Before they got down from their high perch, Roy said, earnestly, "If God
sent us Rob as an opportunity, Dudley, I wonder if we did him good."
"Well, you see he was such a lot bigger than us, and Aunt Judy says she
never saw such a steady good boy; it's very difficult to do good to
good people, because you want to be so extra good yourself."
"At any rate, we've made him the Queen's soldier."
"Yes," argued Dudley, provokingly; "but he was the first one that
thought of it!"
"Oh, shut up," was Roy's impatient retort; "he told me himself it was
the song of Jake and Jim that did it, and--and my talking to him."
"And I expect the sergeant thinks it's all his doing."
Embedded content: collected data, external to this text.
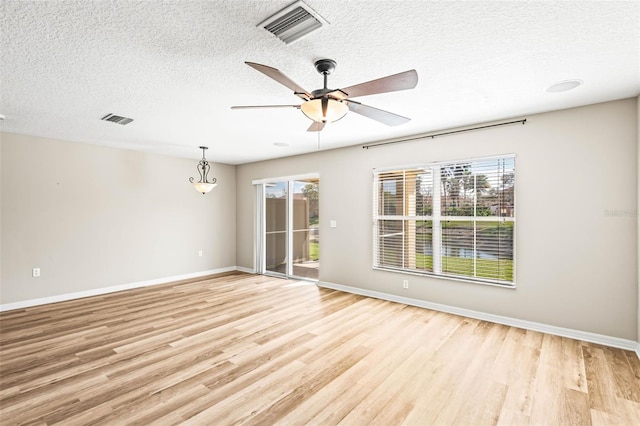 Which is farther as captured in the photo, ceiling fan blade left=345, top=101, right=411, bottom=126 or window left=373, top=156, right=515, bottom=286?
window left=373, top=156, right=515, bottom=286

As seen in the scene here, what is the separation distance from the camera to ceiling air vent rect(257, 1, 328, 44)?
1.78m

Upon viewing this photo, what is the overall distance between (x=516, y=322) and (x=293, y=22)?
397 cm

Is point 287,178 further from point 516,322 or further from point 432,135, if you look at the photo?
point 516,322

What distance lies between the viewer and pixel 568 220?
3396 mm

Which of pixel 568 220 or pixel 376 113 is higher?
pixel 376 113

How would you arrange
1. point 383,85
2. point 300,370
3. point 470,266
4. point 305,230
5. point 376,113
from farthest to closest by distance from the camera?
point 305,230 → point 470,266 → point 300,370 → point 376,113 → point 383,85

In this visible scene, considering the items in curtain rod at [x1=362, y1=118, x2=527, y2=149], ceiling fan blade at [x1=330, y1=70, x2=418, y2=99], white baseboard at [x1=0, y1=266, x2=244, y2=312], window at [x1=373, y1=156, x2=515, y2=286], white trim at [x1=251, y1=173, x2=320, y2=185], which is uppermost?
curtain rod at [x1=362, y1=118, x2=527, y2=149]

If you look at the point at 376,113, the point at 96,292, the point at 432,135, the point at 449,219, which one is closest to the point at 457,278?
the point at 449,219

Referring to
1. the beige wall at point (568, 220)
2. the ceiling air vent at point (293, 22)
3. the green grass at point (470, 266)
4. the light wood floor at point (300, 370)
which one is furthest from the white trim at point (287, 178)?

"But he wouldn't have gone unless I had told him he might."
And as usual Roy had the last word.
XII
LETTERS
Very disappointed were the boys at Rob's first letter, which arrived
about a fortnight after he had gone to the regimental depot at a
neighboring town.
"DEAR MASTER ROY:
"I hope you and Master Dudley are
quite well as it leaves me at present. I like it
first-rate, but it is hard work, and I have a
good many masters, but I means to do my
best. God bless you.
"From your faithful
"ROB."
"That's not a letter at all!" said Roy, scornfully; "why he tells us
nothing at all! Why he might have gone to school and told us more! That
from a soldier. It's the stupidest rot I've ever heard!"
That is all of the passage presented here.